Question

I did an JavaScript experiment in browser's console -

First I created a new object foo as following

  var foo = {
    bar: function() { return this.baz; },
    baz: 1
  };

Now when I run the following code again in console it returns "number"

  (function(){
    return typeof foo.bar();
  })();

But when I run following anonymous function it returns "undefined"

  (function(){
    return typeof arguments[0]();
  })(foo.bar);

As far as I know arguments[0] in above function return foo.bar (also proved by the following example) then why the above code returns "undefined" instead of "number"?


When I run

      (function(){
        return arguments[0];
      })(foo.bar);

returns function () { return this.baz; }


Also

  (function(){
    return typeof arguments[0];
  })(foo.bar());

Returns "number" then why not

  (function(){
    return typeof arguments[0]();
  })(foo.bar);

returns the same? Is there any fundamental law in JavaScript that is working here?

Was it helpful?

Solution 2

Let me simplify the problem ...

var foo = {
    bar: function() { return this.baz; },
    baz: 1
};


var ref = foo.bar;

console.log(typeof ref()); // undefined
console.log(typeof foo.bar()); // number

It is because 'this' inside the function object 'bar' does not always refer to 'foo'. It changes on how you call it. If you call it from an object not foo it will show undefined. Note that ref is not foo but foo.bar.

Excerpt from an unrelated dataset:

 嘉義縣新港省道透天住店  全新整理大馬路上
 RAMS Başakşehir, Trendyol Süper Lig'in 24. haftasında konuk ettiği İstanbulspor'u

Now if you change foo to the following it will give 'number' output in both cases ...

var foo = {
    bar: function() { return foo.baz; },
    baz: 1
};

Note that

console.log(ref === foo.bar); // true

but foo.bar() is not equal to ref() (In first case) because when you call foo.bar() the javascript engine passes foo as 'this' but when you call ref() which is originally window.ref(), it passes window object (or other global object in case of non-browser environment) as 'this'

OTHER TIPS

this depends on how you call the function. When using dot notation, JavaScript sets the context of this to the receiver. In your case there is no receiver, but a reference to the function, so you lost the context. You have to pass it explicitly:

arguments[0].call(foo);

arguments[0] is the same function object as foo.bar but the value of this is dynamic. In foo.bar(), this gets assigned to foo because you used foo. (dot notation). But in arguments[0]() there's no dot (no receiver) so this is the default value, or window.

It's the same function but different invocation.

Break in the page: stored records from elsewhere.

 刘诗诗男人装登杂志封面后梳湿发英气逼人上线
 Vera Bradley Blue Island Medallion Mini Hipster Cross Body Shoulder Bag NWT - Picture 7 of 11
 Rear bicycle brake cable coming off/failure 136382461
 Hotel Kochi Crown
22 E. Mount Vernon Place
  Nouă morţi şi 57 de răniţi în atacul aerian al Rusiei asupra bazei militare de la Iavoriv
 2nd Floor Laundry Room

Elaboration on elclanrs' answer.

foo.bar is a method; an instruction of how to do something. In object-oriented programming languages, the only object that can use that instruction is a foo or an object related to foo; but in JavaScript, anybody can try to run it if the code asks them to.

In your second anonymous function, you are getting a method to run, running it, and returning the type of the result. However, it's not a foo that is running this function; it's anonymous, so the window is the object that's running it. The window runs foo, which tries to return this.baz; however, the window doesn't HAVE a baz, so that's why you're getting undefined.

To test it further, try setting window.baz and see if you get the right result, and also try elclanrs' suggestion of using the call() method to ensure it gets called from a foo's scope.

EDIT

You're right, the type of arguments[0] and foo.bar IS the same; they're both "function". I think the confusion is over JavaScript's treatment of functions as first-class objects.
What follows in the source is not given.